3 Ways to Multitask Well (Even Though Your Brain Hates It)


Research shows multitasking reduces performance.
If you still have to do it, here's how to work around this reality.

Did you hear about the study that showed drivers who were talking on their cell phones (even hands-free) performed just as badly as drunk drivers?
How about the one that suggested multitasking physically shrinks your brain? Or the research that showed emailing and text messaging simultaneously can reduce your IQ by 10 points?
Whether you've come across these particular alarming findings or not, you're probably not a stranger to the fact that a gargantuan heap of evidence suggests that trying to do multiple things at once generally makes your brain smolder and complain. (Though apparently a miniscule minority of us can actually handle constant switching).

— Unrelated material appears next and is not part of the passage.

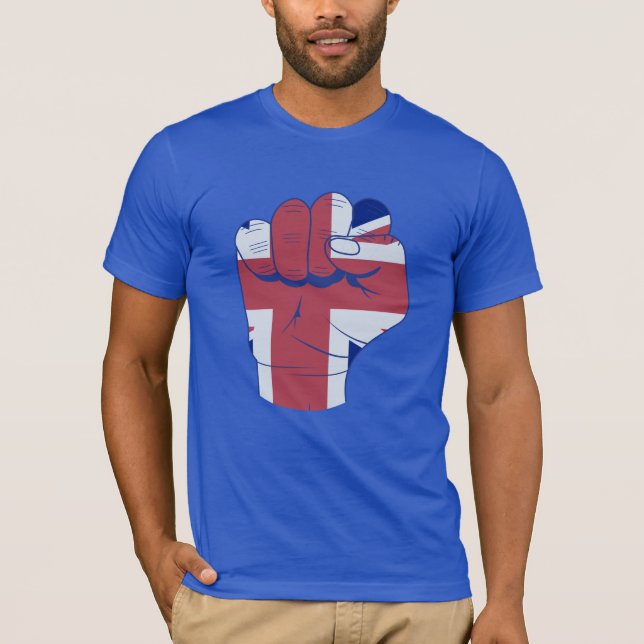 T-shirt Le Poing des Britanniques (Devant)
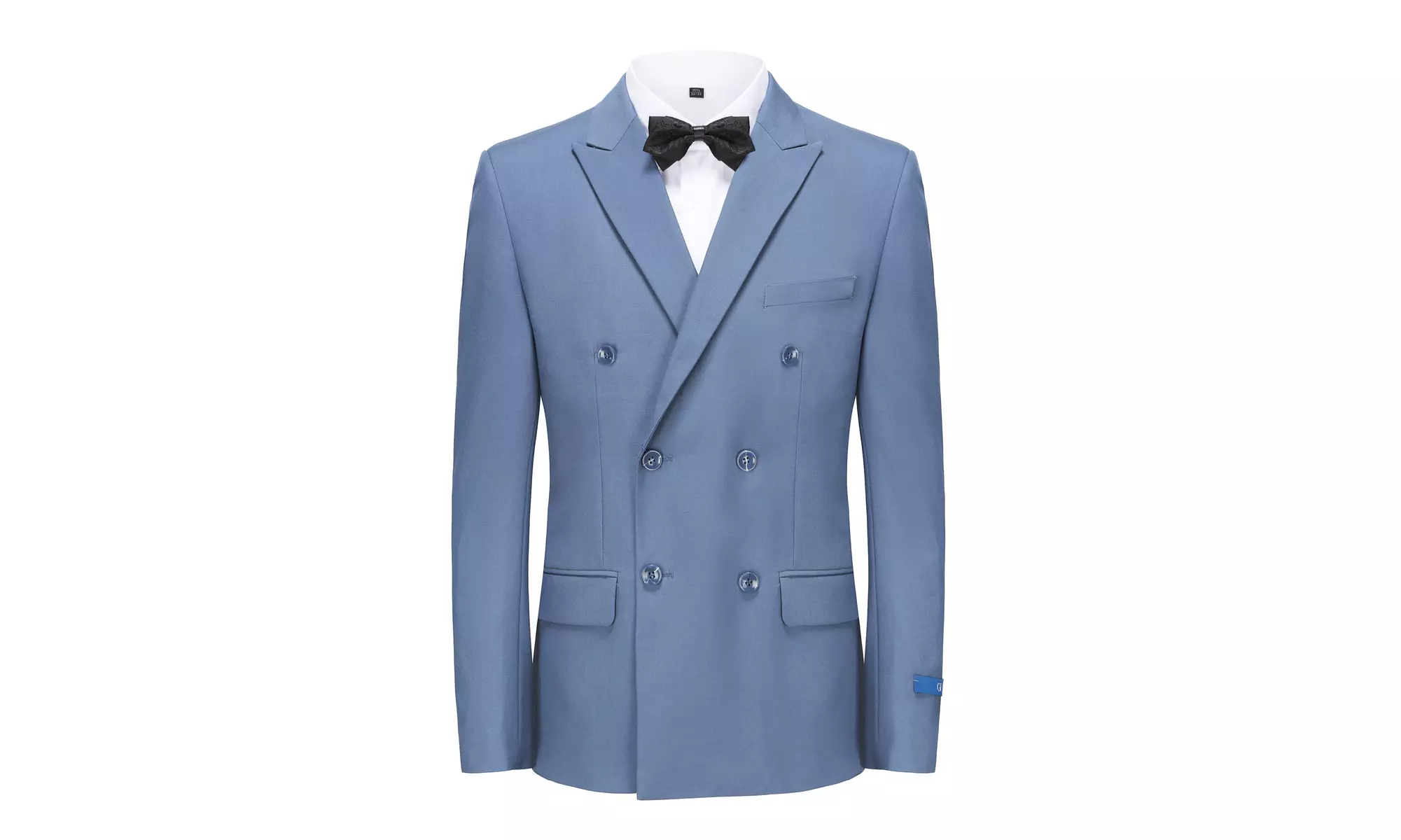 Men's Slim Fit 2 Piece Double Breasted Suit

The only problem with this scientific consensus against multitasking? Given how the world functions today, most of us have to do it anyway. Are we damned to fry our brains and lower our performance because of all that emailing while googling while responding to a text? Not entirely, if a fascinating recent Financial Times article is to be believed.
The lengthy piece by Tim Harford delves into the cultural roots of our current obsession with multitasking, defines several subtypes of the phenomenon, and rounds up a lot of (scary) anti-multitasking research like that mentioned above, but it also goes a step further. Acknowledging that like it or not, multitasking is sometimes a necessity for most of us, he also digs up a few tips to make the best of this reality, getting different tasks done at the same time without sacrificing too much quality (or sanity). They include:

1. Choose when to be online

You shouldn't eat mindlessly, grazing without thinking on whatever comes into view, and you shouldn't consume information that way either. “Tom Chatfield, author of Live This Book, suggests making two lists, one for activities best done with internet access and one for activities best done offline. Connecting and disconnecting from the internet should be deliberate acts,” Harford writes.

2. Tame your smartphone

Does it really need to ping at you every 20 seconds? Probably not. Besides being thoughtful about notifications, Harford recommends that you “set up a filing system within your email so that when a message arrives that requires a proper keyboard to answer--i.e. 50 words or more--you can move that email out of your inbox and place it in a folder where it will be waiting for you when you fire up your computer.”

3. Leverage your scattered brain

Multitasking has been shown to do a lot of harm, but there's one area at least where it might be at least a little beneficial — creativity. Pulling ideas from different domains and combining them is often at the heart of innovative ideas and multitasking can catalyze this mixing.
“Creative ideas come to people who are interdisciplinary, working across different organisational units or across many projects,” Harford quotes author and research psychologist Keith Sawyer as saying. So if you're going to multitask, try to mix things up and see if any creative sparks are generated.